Productivity Expectations
The 10x productivity claim — that AI coding agents can make a single engineer ten times as productive — circulates widely, and the evidence is mixed in instructive ways.
Studies consistently find productivity gains for specific task types: routine code generation, test scaffolding, documentation, boilerplate, and translation between languages. GitHub’s internal study (2023) found Copilot users completed certain coding tasks 55% faster. McKinsey (2023) found mid-complexity tasks saw 20–45% time reductions. These are real and significant gains.
The 10x claim typically comes from productivity profiles that are heavily skewed toward tasks AI handles well. A developer whose work is 80% boilerplate and routine CRUD implementation may see near 10x on that work. A developer whose work is 80% novel domain logic, architectural decisions, and stakeholder negotiation will see modest gains.
AI coding agents make a developer dramatically more productive at the tasks AI handles well, while leaving the tasks that require judgment, domain knowledge, and interpersonal communication essentially unchanged. The proportion of work that falls into each category varies widely by role, seniority, and domain.
Risks and Concerns
The productivity gains are real, but so are the incident reports. In 2025, reports of agentic incidents — cases where AI coding agents took destructive, irreversible actions — proliferated across developer communities. Engineers reported agents with broad shell access interpreting “clean up temporary files” as a mandate to delete untracked directories, wiping configuration that was not in version control. Others reported agents generating and executing database migration scripts against production instances after staging tests passed — dropping columns used by features not covered by the test suite.

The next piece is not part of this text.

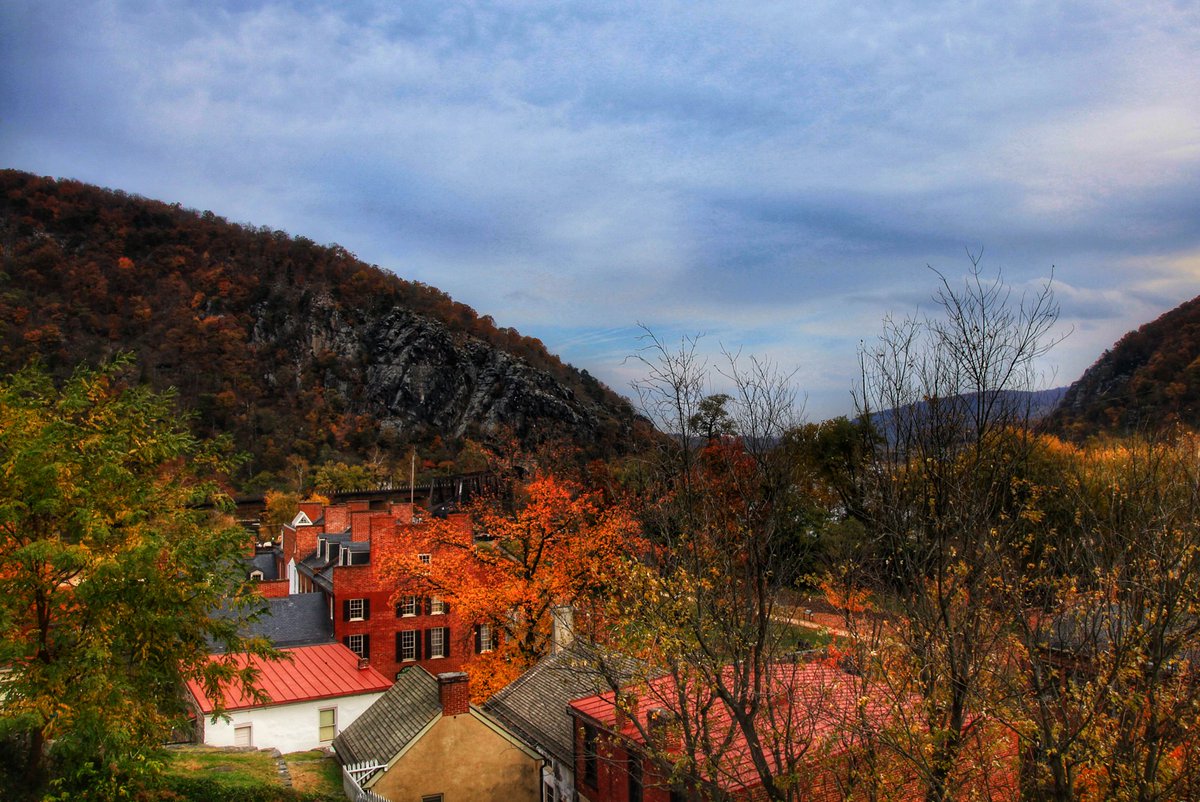 Vis_Symphonies's tweet photo. #harpersferry
#marylandphotographer #WestVirginia #historicplaces #fallcolors #fallfoliage #mountains #countryside #colorfultrees https://t.co/mNv4d0hRRx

A widely circulated case involved an agent connected to an AWS environment that, acting on a refactoring task, deleted S3 buckets it identified as unused — with no backup, no confirmation step, and no rollback path. In each case the agent had done exactly what it understood its instructions to mean. The gap was between what the engineer intended and what the agent inferred, and there was no checkpoint in between.

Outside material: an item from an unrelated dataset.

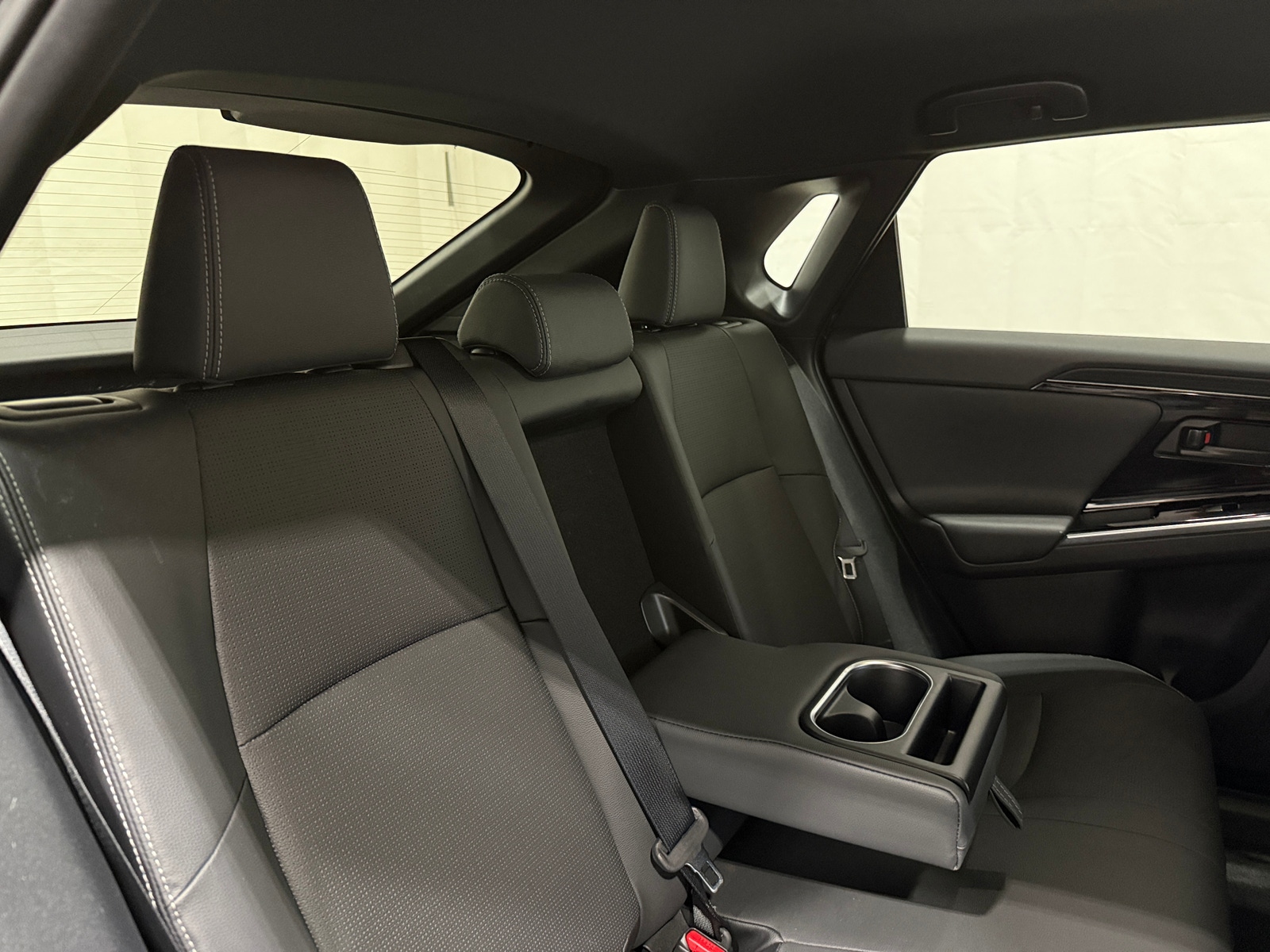 Thumbnail: 2023 Subaru Solterra - 6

Liu et al. (2023) document the baseline problem: 32.2% of ChatGPT-generated code samples produced incorrect outputs, and nearly half had maintainability issues detectable by standard static analysis (Liu et al., 2023). ChatGPT could self-repair some defects when shown the errors — but only when the engineer knew to ask. An engineer who accepted the output without verification shipped the failure.
Overreliance and skill atrophy. Perry et al. (2022) identified a mechanism beyond the immediate code errors: Copilot users relied on the tool as a substitute for understanding, rather than as an accelerator for it. Engineers who stop practising a skill because AI does it for them lose the judgment needed to verify AI’s execution of that skill. Overreliance is not a hypothetical future risk — it is a documented present-day outcome (Perry et al., 2022).
Responsibility and accountability. When AI-generated code causes a production incident, the question of who is responsible is not legally ambiguous: the engineer who committed the code and the organisation that deployed it are responsible. AI systems are not legal persons. They cannot be held accountable. The accountability sits with the humans in the chain.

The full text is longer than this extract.